[GIVEN RECORDS]
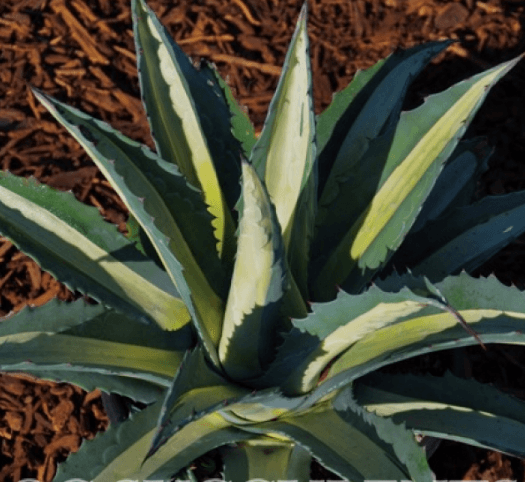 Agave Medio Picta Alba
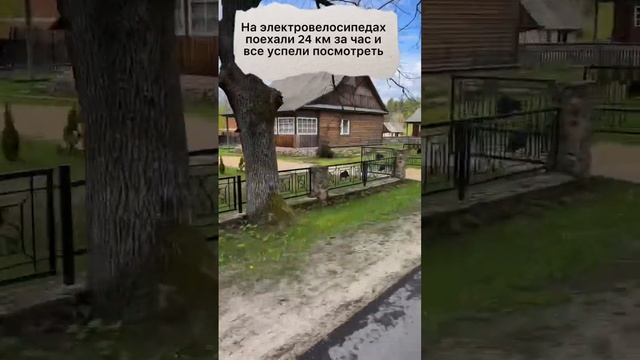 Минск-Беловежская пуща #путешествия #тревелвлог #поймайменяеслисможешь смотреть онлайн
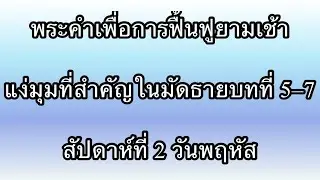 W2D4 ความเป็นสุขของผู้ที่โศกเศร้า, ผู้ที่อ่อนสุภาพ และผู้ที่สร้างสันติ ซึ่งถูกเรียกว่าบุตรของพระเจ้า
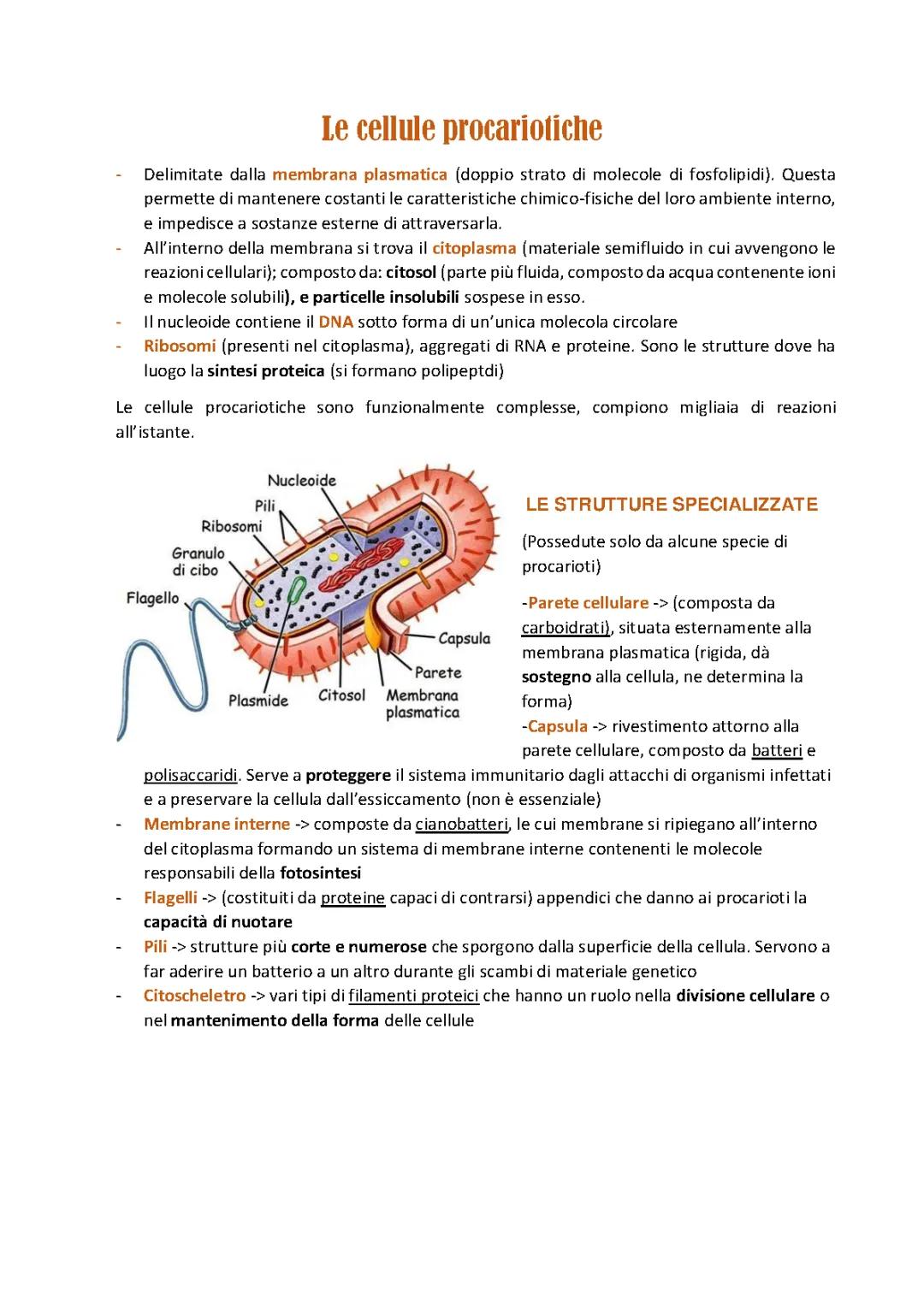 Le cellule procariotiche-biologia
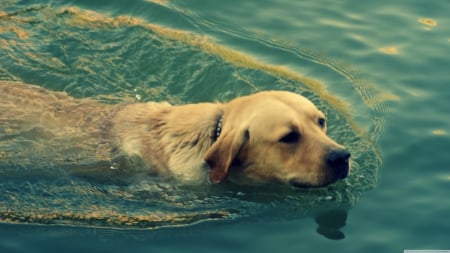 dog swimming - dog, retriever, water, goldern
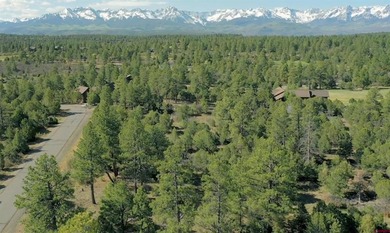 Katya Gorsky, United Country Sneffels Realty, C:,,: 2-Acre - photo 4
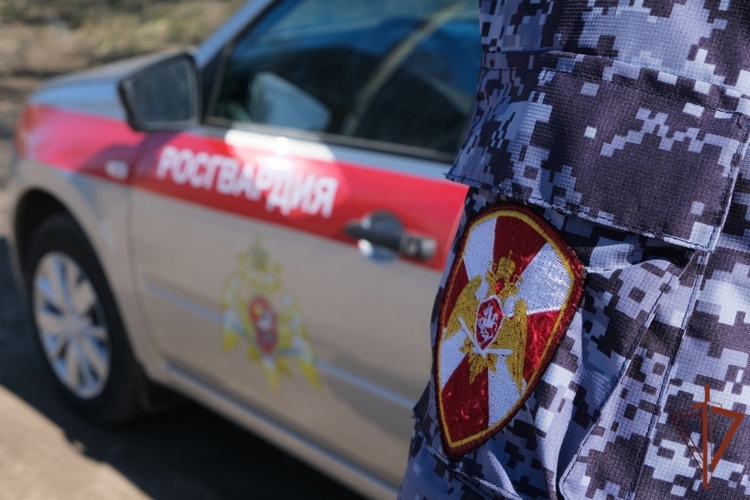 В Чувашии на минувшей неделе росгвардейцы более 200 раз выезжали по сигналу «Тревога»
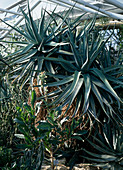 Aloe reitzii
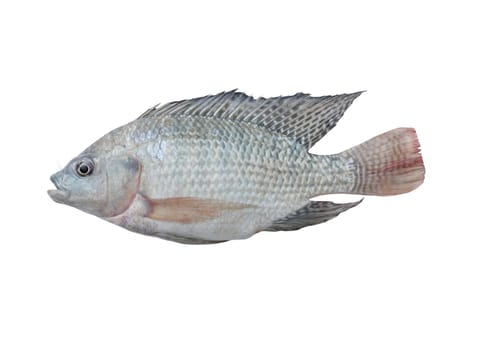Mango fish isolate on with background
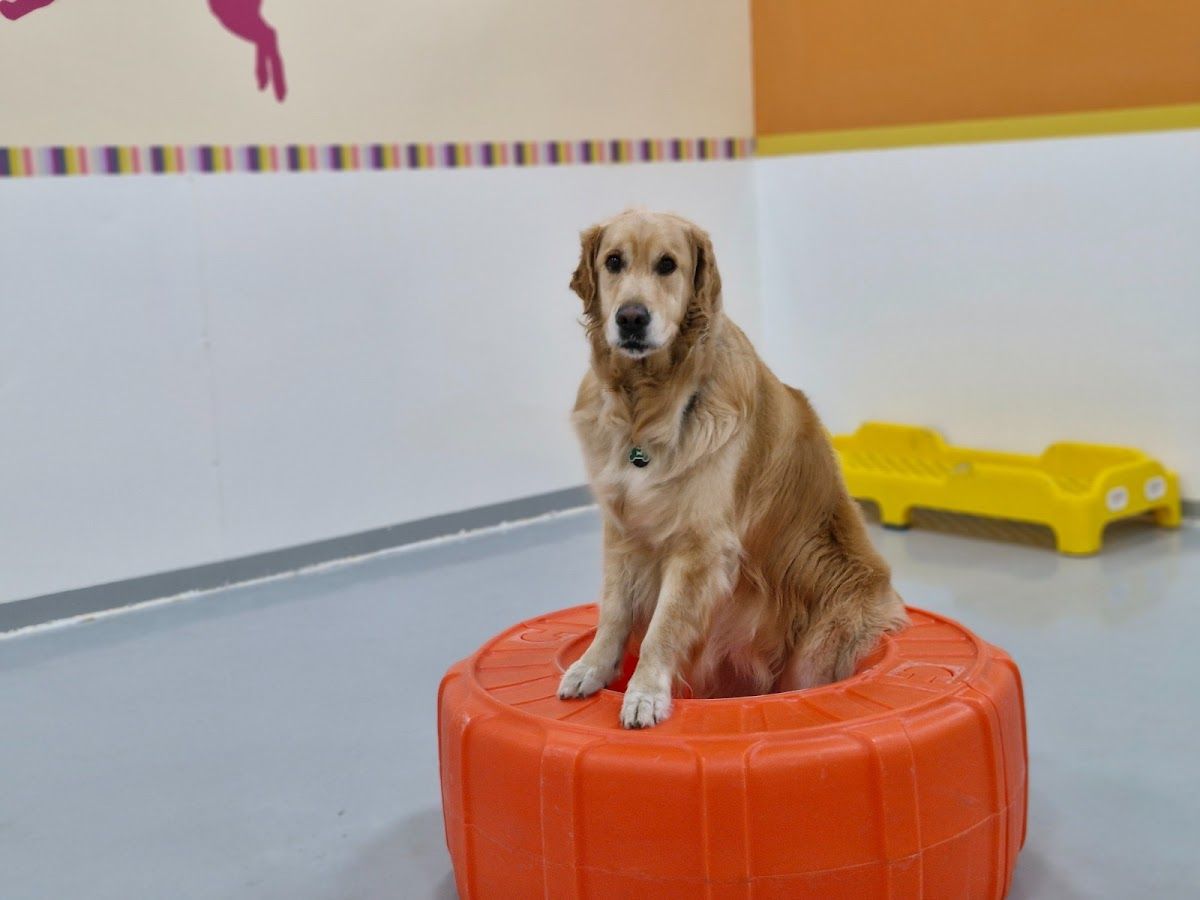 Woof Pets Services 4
[/GIVEN RECORDS]
[GIVEN RECORDS]
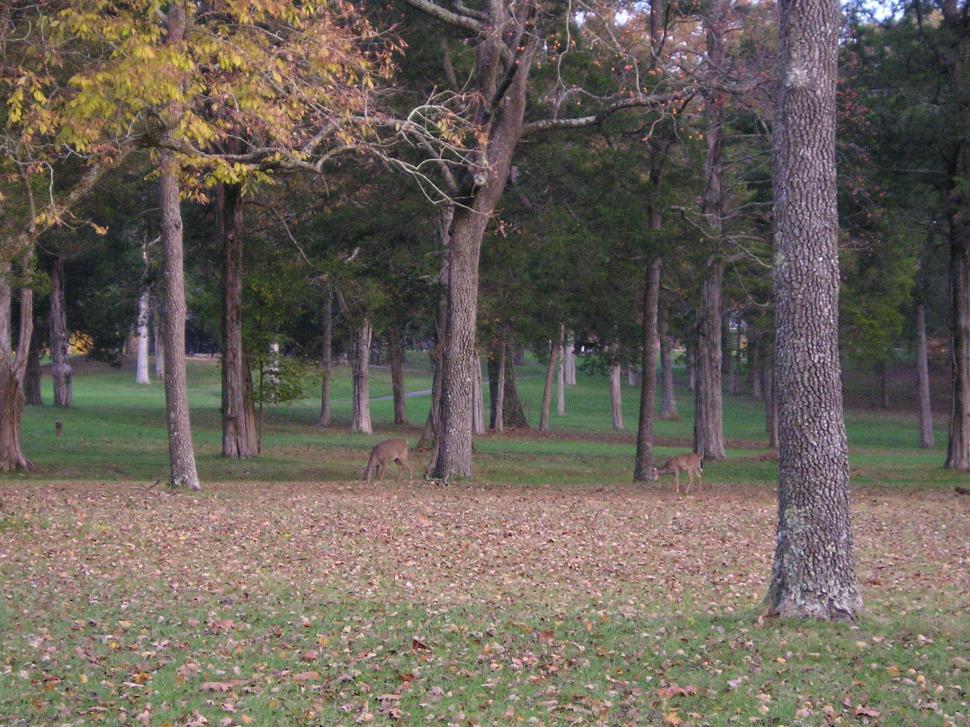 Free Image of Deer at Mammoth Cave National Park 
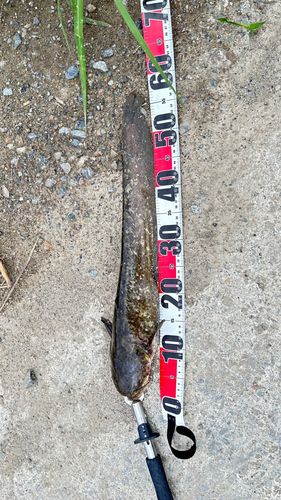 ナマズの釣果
[/GIVEN RECORDS]
▶ **TASK ITEM**: Everything above from the line containing "Agave Medio Picta Alba" down to the line containing "Woof Pets Services 4" is to be duplicated exactly, both lines included, and the pictures are to be omitted.

▶ **TASK ANSWER**:
 Agave Medio Picta Alba
 Минск-Беловежская пуща #путешествия #тревелвлог #поймайменяеслисможешь смотреть онлайн
 W2D4 ความเป็นสุขของผู้ที่โศกเศร้า, ผู้ที่อ่อนสุภาพ และผู้ที่สร้างสันติ ซึ่งถูกเรียกว่าบุตรของพระเจ้า
 Le cellule procariotiche-biologia
 dog swimming - dog, retriever, water, goldern
 Katya Gorsky, United Country Sneffels Realty, C:,,: 2-Acre - photo 4
 В Чувашии на минувшей неделе росгвардейцы более 200 раз выезжали по сигналу «Тревога»
 Aloe reitzii
Mango fish isolate on with background
 Woof Pets Services 4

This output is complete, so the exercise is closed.